Genau diese Erfahrung habe auch ich bereits gemacht, besonders in Foren, wo es anfangs den Anschein hatte, als würde ein diskussionswürdiges Thema angemessen behandelt. Schon nach wenigen Beiträgen klingt sich plötzlich ein, Entschuldigung, aber ich kann und will’s nicht anders ausdrücken, Arschloch ein, pöbelt rum und brabbelt vollmundig, von keiner Kenntnis getrübt, gequirlte Kacke, aggressiv und voller persönlicher Angriffe.
Feierabend, die Zecke bekommt man dort nicht mehr los, und jeder Versuch vernünftig zu argumentieren ist „Perlen Vor die Säue geschmissen“. Das Thema ist an besagter Stelle erledigt und nie wieder kehrt man dorthin zurück, obwohl man weiß, dass dort auch Menschen anzutreffen waren, mit denen man seine Gedanken nur zu gerne ausgetauscht hat.

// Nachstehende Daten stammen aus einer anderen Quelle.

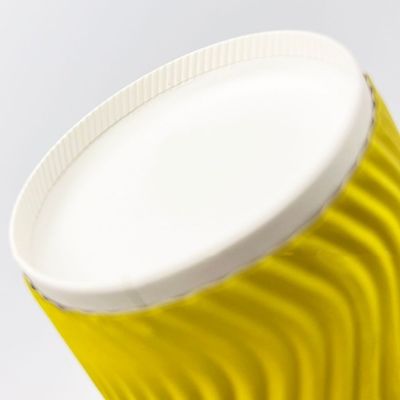 het Document van 4oz 120ml 8oz 250ml golven de Beschikbare Koppen van de Koppen Gele Koffie met Deksel Muur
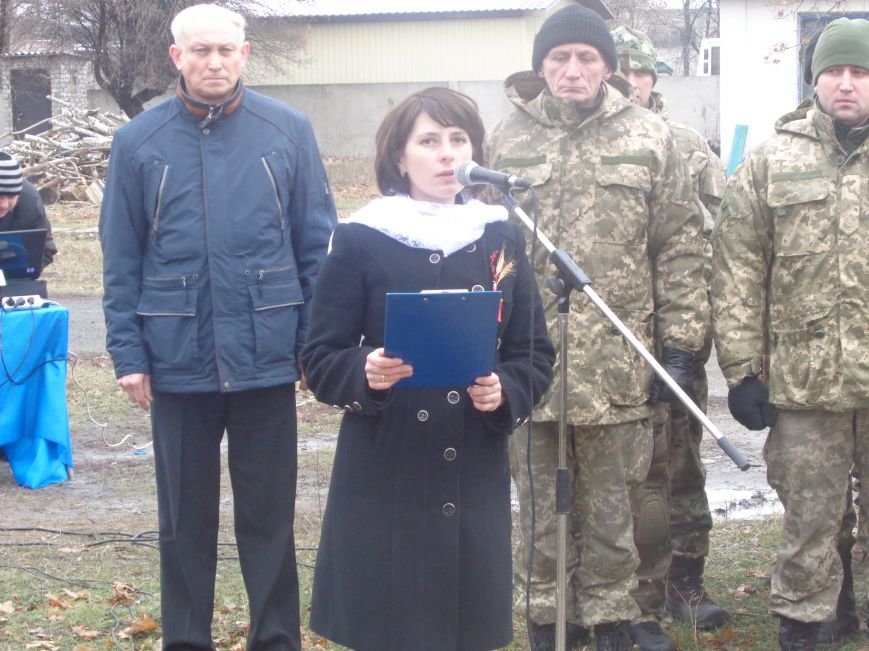 «Пам'ять народу – найдостовірніше джерело»: в Красноармейске прошел митинг-реквием памяти жертв беспощадного Голодомора (фото) - фото 1 «Пам'ять народу – найдостовірніше джерело»: в Красноармейске прошел митинг-реквием памяти жертв беспощадного Голодомора (фото) - фото 1
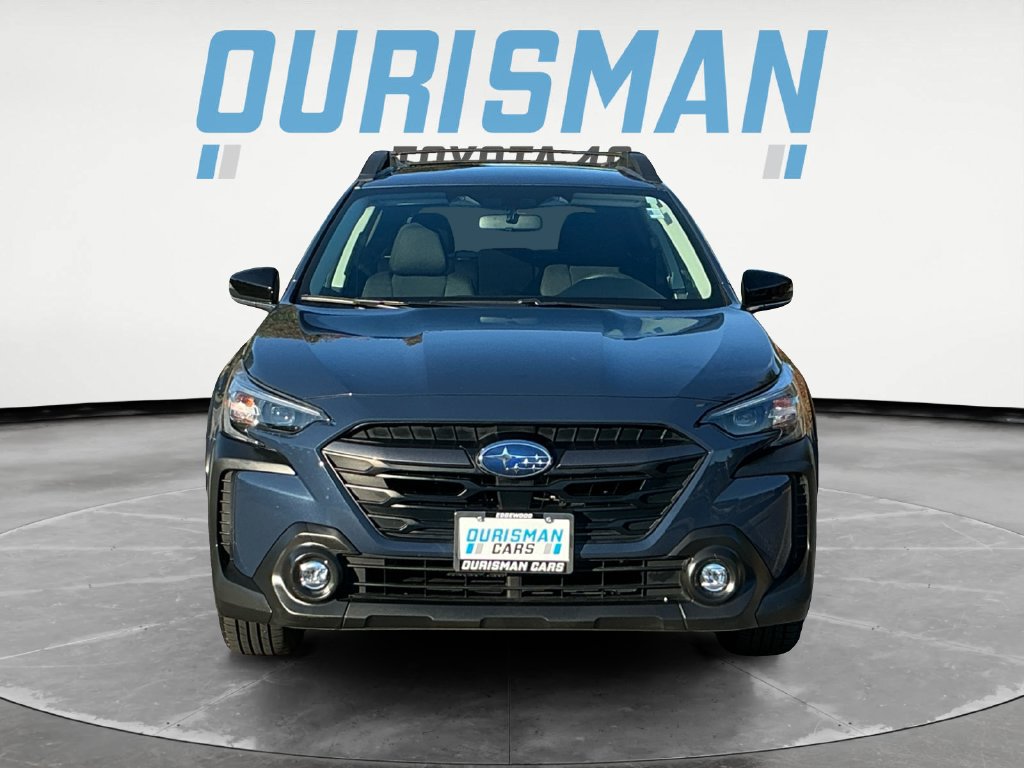 Used 2024 Subaru Outback Premium AWD/4WD image 2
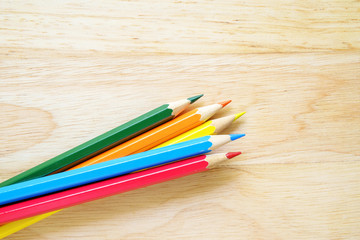 Obraz premium Color pencils on wood background
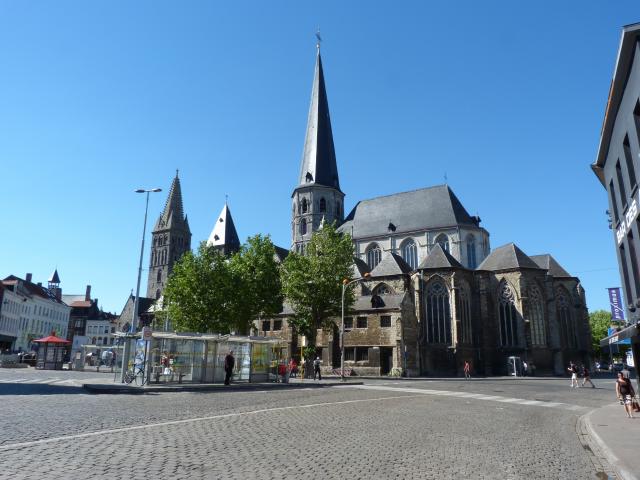 image Iglesia de Santiago
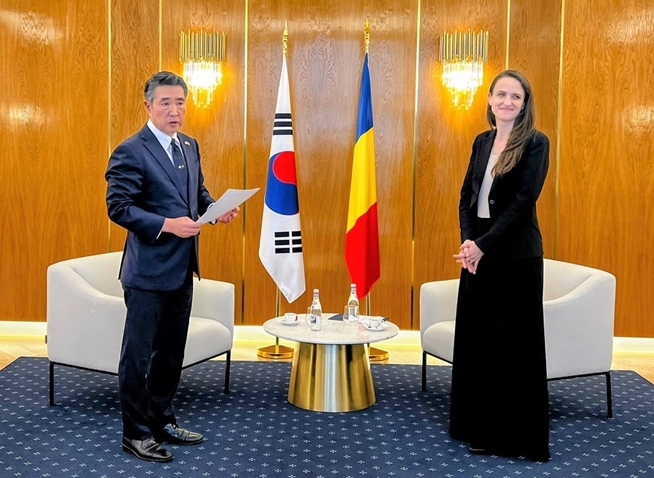 Diplomatie à l’honneur : l’ambassadeur Rim Kap-soo distingué en Roumanie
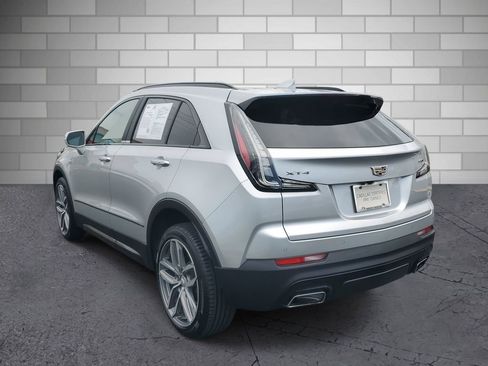 Used 2020 Cadillac XT4 Sport image 3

Aber 20 Millionen Bildzeitungsleser und RTL/SAT1/PRO7-Zuschauer kommen ja nicht von ungefähr.
Foren
...und genau dann sind wir beim Problem, welches der Beitrag anstimmt: Sollen denn die Kommentare dieses A*** nun von einem Admin gelöscht werden oder ignoriert? Meine Erfahrung mit dem Ignorierprinzip (»Don’t feed the Troll«) sind eher schlecht, weil immer einer dem Unsinn meint widersprechen zu müssen (was ich gewissermassen ja auch als einen Sinn eines Forums sehe). Löscht man die Kommentare (den Verfechtern der »Theorie des kommunikativen Handels« [sie meist selbst nur Solipsisten sind] natürlich ein Dorn im Auge), dann beginnt von A***1 und seinen Freunden A***2–5, die er inzwischen herangezogen hat, das »ZENSUR«-Geschrei. Das Ergebnis: Eine vernünftige Diskussion ist nicht mehr möglich.